@VW Group: Holocaust Remembrance Day: Volkswagen commemorates the victims of Nazism006533

Volkswagen is going to commemorate the victims of the Nazi regime on Friday, January 27, 2023, the International Holocaust Remembrance Day and the Memorial Day for the liberation of Auschwitz concentration camp. By acting as partner of the exhibition “Sixteen objects – Seventy Years of Yad Vashem” in Berlin and holding memorial ceremonies at Auschwitz and at the Volkswagen plant in Wolfsburg, the Group honors the memory and calls for public remembrance and tribute to the victims.

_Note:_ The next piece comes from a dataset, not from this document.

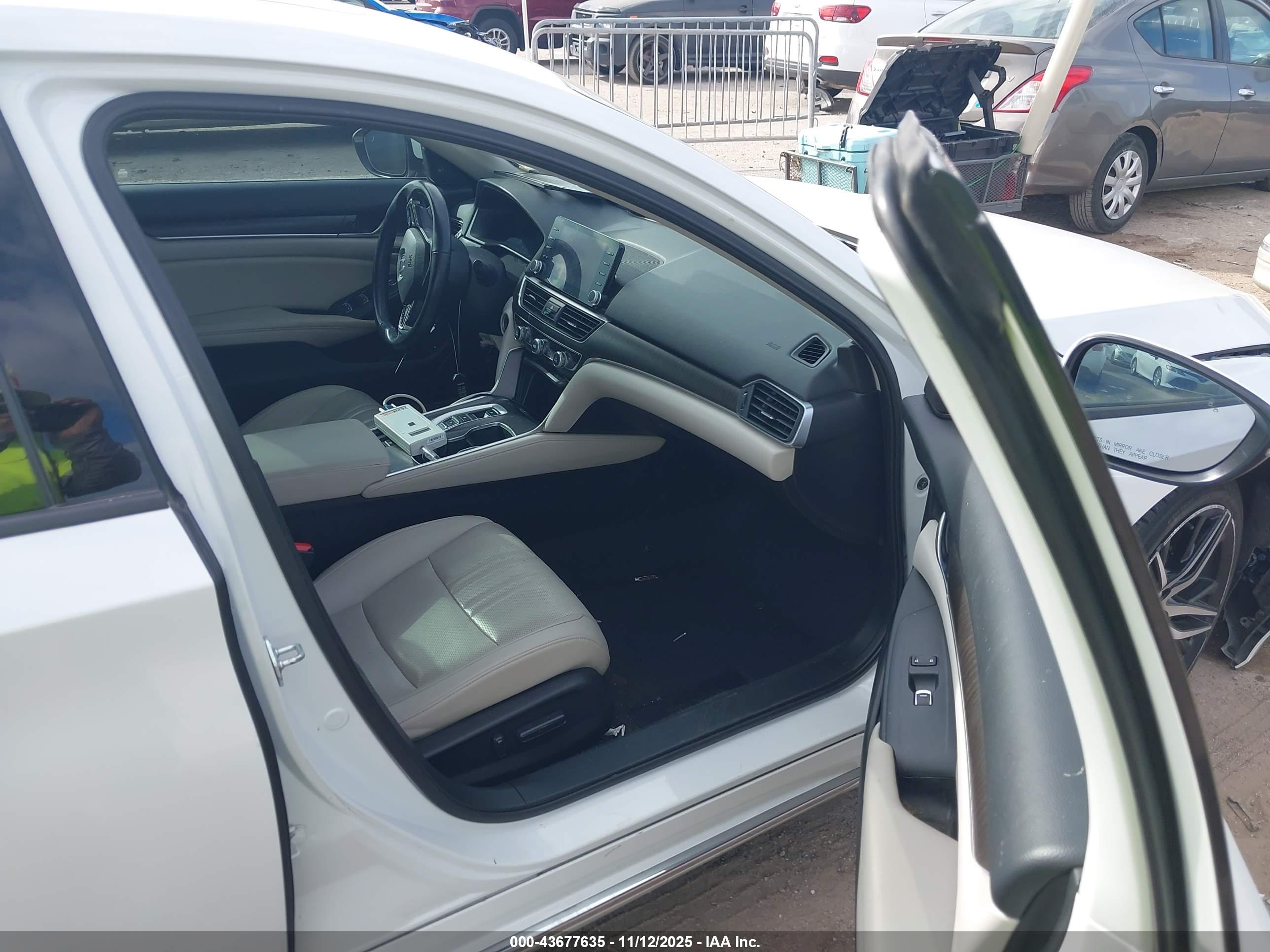 HONDA ACCORD image 5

The exhibition „Sixteen Objects – Seventy Years yad Vashem” at the German Bundestag in Berlin

Joining forces with Borussia Dortmund, Mercedes-Benz Group, Deutsche Bahn and Deutsche Bank, Volkswagen stands up against antisemitism, racism and discrimination. This year, the companies provide communication support for an exhibition realized by the German Society of the Friends of Yad Vashem on the occasion of the Holocaust Remembrance Day and Yad Vashem’s seventieth anniversary. From January 25 until February 17, 2023, the exhibition can be visited in the Paul-Löbe-Haus of the German Bundestag before it will be on view at the UNESCO World Heritage Site Zollverein in Essen. Further information about the work of the Friends of Yad Vashem and the exhibition can be found at www.yad-vashem.de.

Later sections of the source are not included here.